Task description
What is needed is a word-for-word copy of the lines below from the one with "Pool waterfall" through the one with "mammut_store_benasque_keyvisual", both included, with every picture left out.

Stored data
=-=-=-=-=
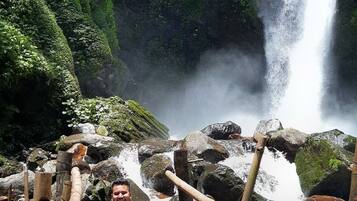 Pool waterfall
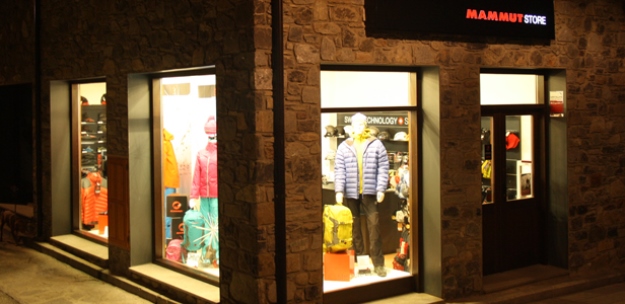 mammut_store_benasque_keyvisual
=-=-=-=-=
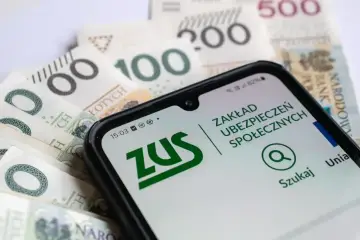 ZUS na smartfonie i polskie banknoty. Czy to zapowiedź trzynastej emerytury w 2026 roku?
=-=-=-=-=
Result below
 Pool waterfall
 mammut_store_benasque_keyvisual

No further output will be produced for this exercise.